Most credit cards will also provide some coverage, but payment is often limited to reimbursement of your personal auto policy deductible (after that policy pays for repairs).  Generally, loss-of-use and other fees are not covered, but it’s important to check with your credit card provider to determine their policies.  And while some cards may offer additional protection for a fee, coverage is usually limited to damage to the car, not liability for any injuries to others.  Remember, to receive any sort of benefit from your card, you must use that card to pay for your entire car rental.
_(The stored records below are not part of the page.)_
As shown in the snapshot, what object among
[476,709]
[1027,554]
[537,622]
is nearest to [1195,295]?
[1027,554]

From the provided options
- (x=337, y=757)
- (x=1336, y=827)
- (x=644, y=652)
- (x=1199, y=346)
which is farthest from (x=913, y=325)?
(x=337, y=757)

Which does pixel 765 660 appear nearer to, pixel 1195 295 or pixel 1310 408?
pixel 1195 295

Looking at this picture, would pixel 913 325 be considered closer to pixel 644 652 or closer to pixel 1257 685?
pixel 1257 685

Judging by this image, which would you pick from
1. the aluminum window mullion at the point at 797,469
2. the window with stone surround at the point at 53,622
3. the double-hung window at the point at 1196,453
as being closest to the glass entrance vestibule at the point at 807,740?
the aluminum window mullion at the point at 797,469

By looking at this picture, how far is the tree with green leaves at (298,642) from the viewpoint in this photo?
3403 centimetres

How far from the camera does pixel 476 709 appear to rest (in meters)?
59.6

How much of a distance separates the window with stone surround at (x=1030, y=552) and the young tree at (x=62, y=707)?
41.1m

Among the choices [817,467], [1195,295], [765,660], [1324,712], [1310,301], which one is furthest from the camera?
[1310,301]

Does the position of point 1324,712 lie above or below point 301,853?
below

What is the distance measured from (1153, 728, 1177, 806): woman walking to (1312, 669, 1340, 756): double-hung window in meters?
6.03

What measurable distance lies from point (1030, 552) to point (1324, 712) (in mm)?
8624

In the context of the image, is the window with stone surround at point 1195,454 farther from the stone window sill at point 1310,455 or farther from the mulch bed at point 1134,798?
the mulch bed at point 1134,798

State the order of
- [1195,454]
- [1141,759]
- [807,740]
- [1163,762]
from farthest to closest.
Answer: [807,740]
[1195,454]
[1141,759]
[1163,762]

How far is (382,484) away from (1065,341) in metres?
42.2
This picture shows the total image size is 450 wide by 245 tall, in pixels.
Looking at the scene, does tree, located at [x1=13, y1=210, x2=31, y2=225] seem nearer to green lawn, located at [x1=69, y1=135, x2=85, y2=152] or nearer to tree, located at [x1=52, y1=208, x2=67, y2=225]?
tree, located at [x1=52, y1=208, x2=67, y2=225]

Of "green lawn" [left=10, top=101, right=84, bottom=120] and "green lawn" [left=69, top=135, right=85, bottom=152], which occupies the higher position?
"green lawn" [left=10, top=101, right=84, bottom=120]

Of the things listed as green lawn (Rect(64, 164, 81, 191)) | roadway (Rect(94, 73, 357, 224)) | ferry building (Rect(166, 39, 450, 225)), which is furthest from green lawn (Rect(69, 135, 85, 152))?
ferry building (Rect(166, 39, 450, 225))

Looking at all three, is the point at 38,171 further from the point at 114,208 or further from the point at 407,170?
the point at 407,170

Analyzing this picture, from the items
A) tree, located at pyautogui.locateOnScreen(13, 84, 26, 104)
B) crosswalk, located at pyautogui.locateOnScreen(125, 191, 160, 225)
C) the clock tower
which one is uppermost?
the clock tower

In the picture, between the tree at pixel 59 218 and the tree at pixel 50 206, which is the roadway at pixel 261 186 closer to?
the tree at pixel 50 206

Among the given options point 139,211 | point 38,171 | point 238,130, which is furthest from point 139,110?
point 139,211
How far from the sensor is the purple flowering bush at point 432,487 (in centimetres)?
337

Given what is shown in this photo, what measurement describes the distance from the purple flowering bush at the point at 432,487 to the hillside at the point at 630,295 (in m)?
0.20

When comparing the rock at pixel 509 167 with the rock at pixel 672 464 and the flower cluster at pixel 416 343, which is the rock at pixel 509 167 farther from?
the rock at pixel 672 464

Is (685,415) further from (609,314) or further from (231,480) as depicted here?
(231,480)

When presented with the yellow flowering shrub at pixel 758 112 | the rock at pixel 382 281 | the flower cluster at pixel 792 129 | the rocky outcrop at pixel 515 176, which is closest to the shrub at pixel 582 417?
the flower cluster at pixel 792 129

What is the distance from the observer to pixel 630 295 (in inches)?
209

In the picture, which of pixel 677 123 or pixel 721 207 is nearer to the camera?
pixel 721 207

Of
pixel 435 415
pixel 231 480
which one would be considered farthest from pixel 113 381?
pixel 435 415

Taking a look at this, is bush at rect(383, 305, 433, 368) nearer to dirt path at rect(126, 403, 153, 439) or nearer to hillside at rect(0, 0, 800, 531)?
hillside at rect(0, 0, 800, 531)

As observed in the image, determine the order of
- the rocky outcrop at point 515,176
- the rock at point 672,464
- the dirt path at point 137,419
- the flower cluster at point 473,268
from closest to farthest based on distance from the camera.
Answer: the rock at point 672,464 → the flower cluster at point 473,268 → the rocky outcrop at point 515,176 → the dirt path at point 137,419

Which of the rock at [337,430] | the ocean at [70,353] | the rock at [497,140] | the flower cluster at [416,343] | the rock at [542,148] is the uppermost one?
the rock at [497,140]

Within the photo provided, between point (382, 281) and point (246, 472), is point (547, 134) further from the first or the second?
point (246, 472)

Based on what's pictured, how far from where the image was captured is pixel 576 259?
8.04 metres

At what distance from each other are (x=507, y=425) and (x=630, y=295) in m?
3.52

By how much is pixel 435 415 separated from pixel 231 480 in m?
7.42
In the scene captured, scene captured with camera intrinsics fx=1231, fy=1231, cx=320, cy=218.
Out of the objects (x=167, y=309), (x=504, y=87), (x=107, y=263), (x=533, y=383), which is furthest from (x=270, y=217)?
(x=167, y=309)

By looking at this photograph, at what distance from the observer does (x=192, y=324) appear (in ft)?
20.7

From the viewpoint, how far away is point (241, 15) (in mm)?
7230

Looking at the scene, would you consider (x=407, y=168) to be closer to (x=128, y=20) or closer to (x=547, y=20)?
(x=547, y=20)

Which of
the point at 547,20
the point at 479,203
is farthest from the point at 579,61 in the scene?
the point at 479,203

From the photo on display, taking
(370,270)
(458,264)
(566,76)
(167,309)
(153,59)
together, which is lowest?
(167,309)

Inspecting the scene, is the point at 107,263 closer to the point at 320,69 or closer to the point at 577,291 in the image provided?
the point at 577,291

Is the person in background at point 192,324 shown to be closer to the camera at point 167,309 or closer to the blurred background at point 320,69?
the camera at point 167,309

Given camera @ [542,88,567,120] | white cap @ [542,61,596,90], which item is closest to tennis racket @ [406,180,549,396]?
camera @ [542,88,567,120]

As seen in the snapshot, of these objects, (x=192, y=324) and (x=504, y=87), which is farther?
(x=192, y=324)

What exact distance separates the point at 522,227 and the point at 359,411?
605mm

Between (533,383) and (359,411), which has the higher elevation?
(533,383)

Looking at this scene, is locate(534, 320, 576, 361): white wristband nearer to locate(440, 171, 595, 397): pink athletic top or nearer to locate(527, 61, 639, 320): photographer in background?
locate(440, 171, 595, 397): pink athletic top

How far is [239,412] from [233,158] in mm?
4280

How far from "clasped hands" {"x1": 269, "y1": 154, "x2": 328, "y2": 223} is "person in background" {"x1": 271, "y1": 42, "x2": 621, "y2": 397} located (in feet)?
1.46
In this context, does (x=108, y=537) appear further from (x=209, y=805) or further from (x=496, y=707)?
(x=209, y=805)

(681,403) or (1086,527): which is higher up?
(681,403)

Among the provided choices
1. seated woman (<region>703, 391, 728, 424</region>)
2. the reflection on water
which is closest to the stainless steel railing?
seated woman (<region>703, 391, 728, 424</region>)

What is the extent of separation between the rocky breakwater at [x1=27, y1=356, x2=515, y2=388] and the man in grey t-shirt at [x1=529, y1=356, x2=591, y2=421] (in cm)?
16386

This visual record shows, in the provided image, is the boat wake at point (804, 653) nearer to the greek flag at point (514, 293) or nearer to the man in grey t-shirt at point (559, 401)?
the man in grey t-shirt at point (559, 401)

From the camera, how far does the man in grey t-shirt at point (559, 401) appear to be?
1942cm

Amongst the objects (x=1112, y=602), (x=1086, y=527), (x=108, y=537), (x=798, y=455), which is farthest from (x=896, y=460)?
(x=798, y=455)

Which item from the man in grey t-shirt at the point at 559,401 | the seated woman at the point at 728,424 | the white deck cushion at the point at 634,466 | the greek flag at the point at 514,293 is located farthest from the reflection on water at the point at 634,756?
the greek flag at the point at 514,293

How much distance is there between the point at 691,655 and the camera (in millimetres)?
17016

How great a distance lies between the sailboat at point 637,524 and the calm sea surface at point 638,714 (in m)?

Consider Any Unique Circumstances

Are you renting a car in a foreign country, or for more than a week?  You’ll definitely want to get confirmation of coverage from both your insurance carrier and credit card company because different rules might apply.  Also, no matter where you are, vehicles such as trucks, RVs, or exotic sports cars aren’t covered under standard agreements.  And if you’re using a car for business purposes, your personal coverage might not apply.  Finally, if multiple people will be driving the car during your trip, make sure your coverages will apply to them.

Understanding Rental Car Coverage

Rental companies offer four main types of coverage:

A Loss Damage Waiver (LDW) relieves you of responsibility if your rental car is damaged or stolen.  This may also provide coverage for loss of use.

Liability Protection provides protection from lawsuits if you are sued after an accident.

Personal Accident Insurance covers you and passengers for medical bills after an accident.  You may not need this if you have adequate health and auto coverage.

Personal Effects Coverage protects you if items are stolen from your car.  You’re generally covered for this under your homeowners or renters policy—but keep in mind that the loss must exceed your deductible for you to receive payment.  If you have a high deductible, it may make sense to purchase this coverage from the rental company.

Vacation is not the time to stress out about insurance.  So before your next trip, be sure to verify coverage with your agent and credit card company. That way you’ll be ready to make an informed decision when you get to the rental car counter.